Pillar Five - Operational Excellence Flashcards Preview

SA-12-The Well Architected Framework > Pillar Five - Operational Excellence > Flashcards

Flashcards in Pillar Five - Operational Excellence Deck (14):

Operational Excellence

  1. Includes operational practices and procedures to manage production workloads
  2. Includes how planned changes are executed, and responses to unexpected events
  3. Recommendation:
    1. Change execution and responses should be automated
    2. All processes and procedures should be documented, tested, and regularly reviewed


Design principles

  1. Perform operations with code
  2. Align operation processes to business objectives (eg. How is operations meeting business needs)
  3. Make regular, small, incremental changes
  4. Test for responses to unexpected events
  5. Learn from operational events and failures
  6. Keep operations procedures current (documentation, runbacks, playbooks, procedures, etc..)

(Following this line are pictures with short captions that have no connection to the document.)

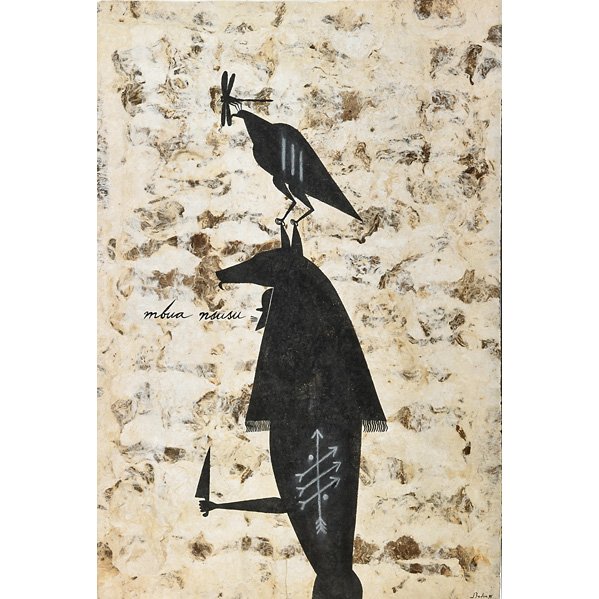 Jose Bedia (Cuban, b. 1959): Mbua Nsusu, 1995; Ink and chalk on paper; Signed, dated and titled; 23 1/4" x 15 1/2" (irregular); Provenance: Private Collection, New York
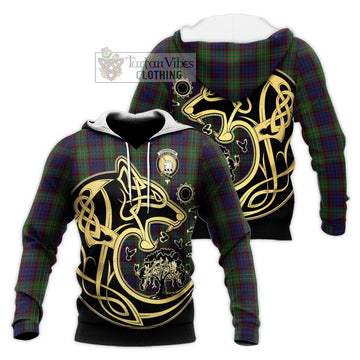 Cunningham Hunting Tartan Knitted Hoodie with Family Crest Celtic Wolf Style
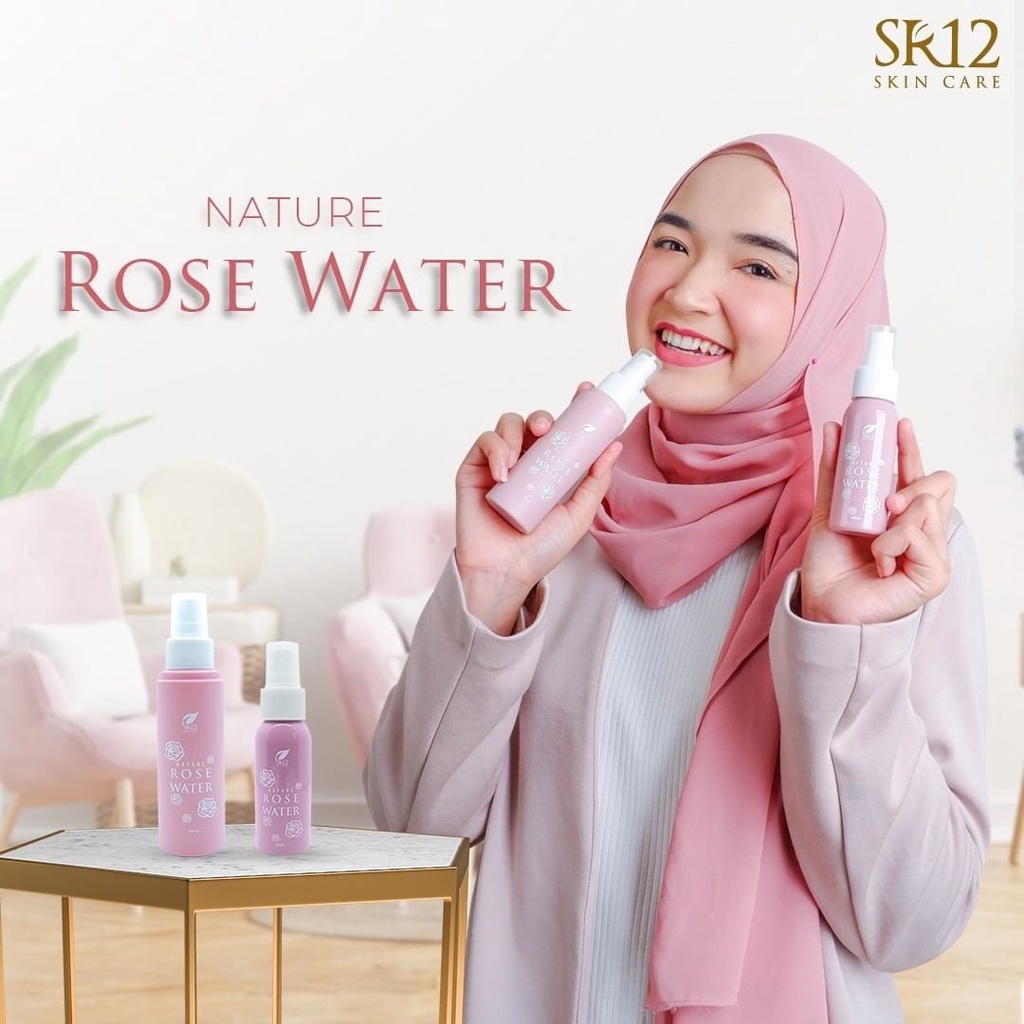 Nature Rose Water SR12 Air Mawar Setting Spray melembabkan Kulit Membantu Make Up Tahan Lama Herbal BPOM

There are three best practice areas for operational excellence in the cloud

  1. Preparation
  2. Operation
  3. Response


Best Practices: Preparation (part 1)

  1. Preparation drives operational excellence
  2. Checklists ensures that workloads are ready for production and prevent mistakes
  3. Workloads should have
    1. Runbacks - which offer guidance that operations teams can refer to for normal tasks
    2. Playbooks - which offer guidance to unexpected events (response plans, escalation paths, and stakeholder notification)
  4. AWS CloudFront
    1. Can be used to ensure environments contain all required resources, and that the configurations are correct based on tested best practices


Best Practices: Preparation (part 2)

  1. Auto Scaling
    1. Provide auto mated scaling mechanisms to respond to business related events that affect operations needs
  2. Tagging
    1. To make sure all resources in a workload can be easily identified when needed during responses
  3. Accurate Documentation
    1. Information can become stale and needs to be updated regularly and tested
    2. Should include:
      1. Application designs
      2. Environment configurations
      3. Resource configurations
      4. Response plans
      5. Mitigation plans


Best Practices: Preparation (part 3)

  1. Deployments
    1. CI / CD pipelines (e.g. source code repository, build systems deployment, testing automation)
    2. Release management - small changes, tested, incremental, & tracked
    3. Roll Back - revert without introducing operational issues or causing operational impact 


Best Practices: Operation

  1. Standardized, manageable, routine basis
  2. Automation, small changes, regular quality assurance testing
  3. Mechanisms to track, audit, roll back, and review changes
  4. Changes should not be large, infrequent, need scheduled downtime, or manual
  5. KPIs should be collected and reviewed
  6. Automation to failures
  7. Avoid manual processes for deployments, release management, changes, rollbacks
  8. Align monitoring to business needs
  9. Avoid ad hoc and non-centralized monitoring


Best Practices: Response

  1. Responses should be automated (mitigation, remediation, rollback, and recovery)
  2. Alerts should be timely, and invoke escalations when automated responses are not enough
  3. QA mechanisms should be in play to automatically roll back failed deployments
  4. Responses should follow a pre-defined playbook
  5. Escalation paths should be defined and include both functional and hierarchical escalation paths
  6. Hierarchical escalations should be automated
  7. Escalated priority should result in stakeholder notifications


AWS Key Services: Preparation

  1. Preparation
    1. AWS Config - provides detailed inventory of your AWS resources, configurations, and continuously records configuration changes
    2. Service Catalog - helps to create a standardized set of service offerings that are aligned to best practices
    3. Designing workloads to use automation with services like Auto Scaling, SQS


AWS Key Services: Operation

  1. Tools to manage and automate code changes to AWS workloads
    1. AWS CodeCommit
    2. AWS CodeDeploy
    3. ASW CodePipeline
  2. Use AWS SDKs to automate operatonal changes
  3. Use AWS CloudTrail to audit and track changes made to AWS environments


AWS Key Services: Response

  1. Response
    1. CloudWatch - for effective automated responses
    2. CloudWatch to set alerting and notification
    3. CloudWatch - to trigger automated response


Questions: Preparation

  1. What best practices for cloud operations are you using?
  2. How are you doing configuration management for your workload?


Questions: Operations

  1. How are you evolving your workload the minimizing the impact of change?
  2. How are you monitoring? 


Questions: Response

  1. How do you respond to unplanned operational events?
  2. How is escalation managed when responding to unplanned operational events?